◆ **What to produce**:
Would you transcribe the lines running from the one that holds "Şef çiğ balığı bıçakla soyar." to the last line of the records? Leave every picture out.

==== Data for analysis

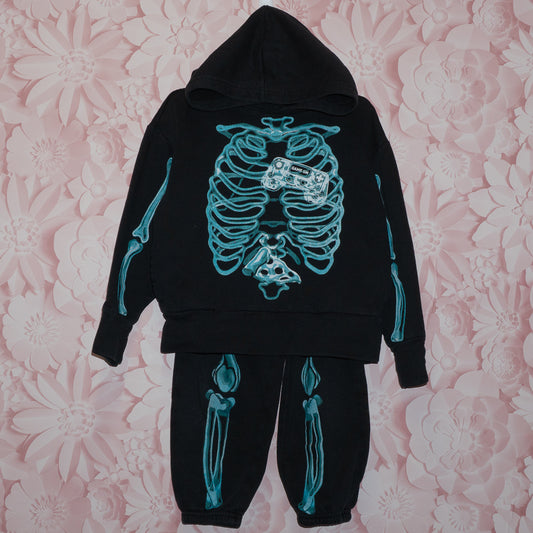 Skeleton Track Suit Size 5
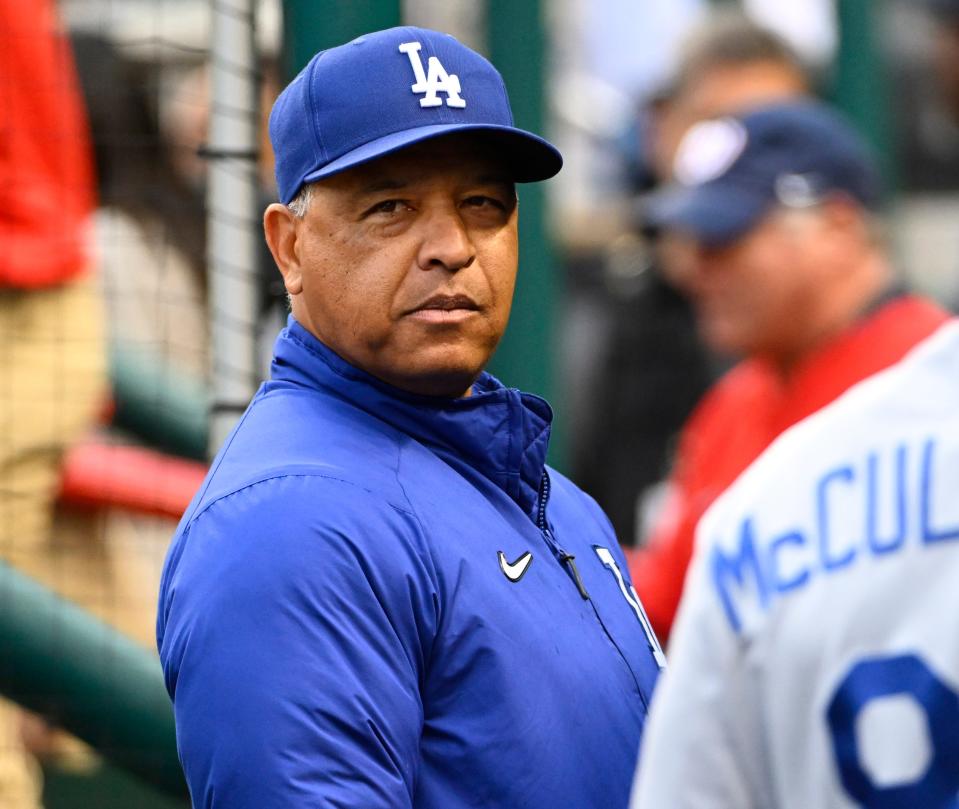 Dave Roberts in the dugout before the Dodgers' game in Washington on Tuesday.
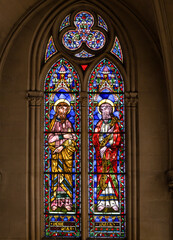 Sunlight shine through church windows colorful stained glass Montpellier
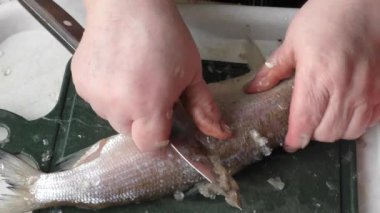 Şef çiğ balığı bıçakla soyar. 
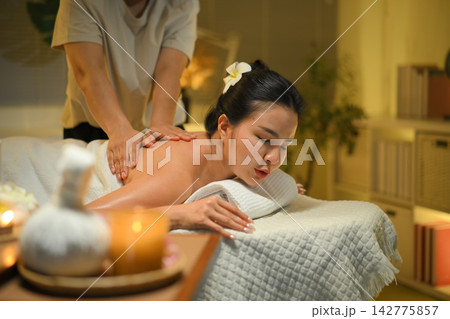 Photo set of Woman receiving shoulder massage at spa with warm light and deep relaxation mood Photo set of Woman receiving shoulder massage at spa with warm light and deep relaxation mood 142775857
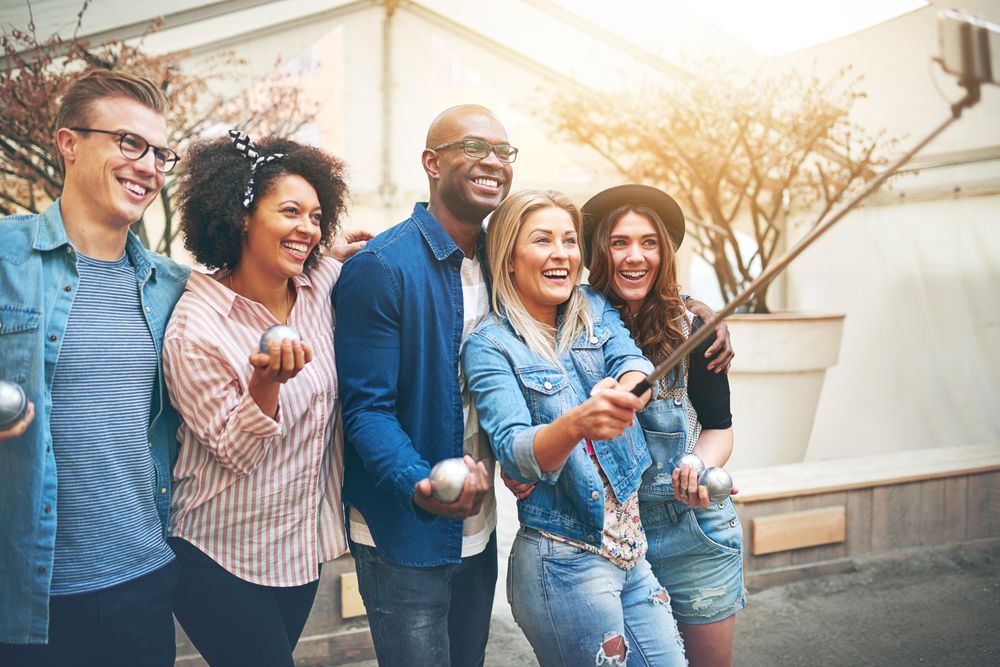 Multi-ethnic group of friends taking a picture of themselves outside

========

◆ **Solution to the exercise**:
 Şef çiğ balığı bıçakla soyar. 
 Photo set of Woman receiving shoulder massage at spa with warm light and deep relaxation mood Photo set of Woman receiving shoulder massage at spa with warm light and deep relaxation mood 142775857
 Multi-ethnic group of friends taking a picture of themselves outside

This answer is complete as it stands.